Over the past month or two, I've considered using it for the first time _ever_ because I am a little _sick and tired_ of seeing _certain things_ from a _certain someone_ here, and since there's nothing I can say about it, it's like - either deal with it, or hide it from sight.

I probably won't, though, and will just keep hoping it stops. You know, kind of like that toothache you hope will go away on its own instead of having to see a dentist over it.


----------



## meepie (Jun 20, 2010)

I only add people who I don't want viewing my profile on my ignore list(privacy settings). So about 10 people -a couple that probably never log on(mostly trolls from chat). Other than that I don't actually want anyone on there cuz I can ignore most people myself.


----------



## arnie (Jan 24, 2012)

Just Lurking said:


> Over the past month or two, I've considered using it for the first time _ever_ because I am a little _sick and tired_ of seeing _certain things_ from a _certain someone_ here, and since there's nothing I can say about it, it's like - either deal with it, or hide it from sight.


Ooh... Ooh... Is it me?


----------



## Terranaut (Jul 11, 2013)

About 8. Toxic people go there right away. No sense getting infected.


----------



## SeraphSoul (Aug 4, 2013)

Zero.


----------



## millenniumman75 (Feb 4, 2005)

arnie said:


> Ooh... Ooh... Is it me?


That's not even Katy Perry in her Elmo shirt :lol.

I am glad I am not on it.

Next month marks nine years on SAS for me. I only had one person on my ignore list....this was after he and I exchanged PMs for three days one weekend - he went into a tirade (definite anger issues) and decided to attack me personally (multiple times) as a moderator. He went too far with one PM, and it was sent to the other mods. I put him on ignore, but he was permanently banned very soon afterwards. One of the current mods here know who I am talking about because he was also friends with this guy. We thought he was a calm, cool dude, but he really snapped. :um That is the only time I have ever used the ignore feature.

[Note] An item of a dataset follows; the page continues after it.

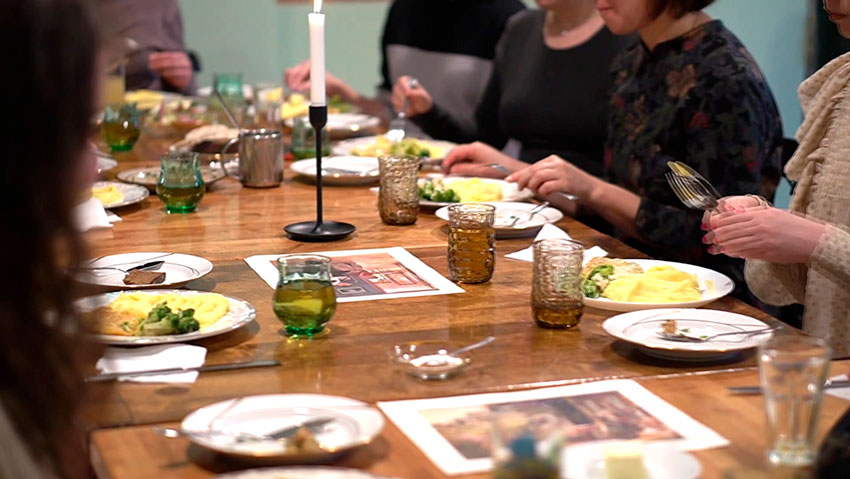 Не знаете, как культурно съесть блюдо в ресторане? Несколько базовых правил этикета, которые вам помогут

That's why I ask about the 19 - are there like multiple pages or does it appear like your friends list? :stu That's an area of the site that I don't know much about.


----------



## aGenericUsername (Apr 7, 2013)

Man, all these indirect insults are getting me paranoid. 

Why can't people just come out and say things?


----------



## brooke_brigham (Nov 28, 2013)

If you block people does it block the pics they post too?>


----------



## Crimson Lotus (Jul 26, 2013)

blue_blue said:


> If you block people does it block the pics they post too?>


I assume you mean pics they post in their comments and not stuff from albums and the like.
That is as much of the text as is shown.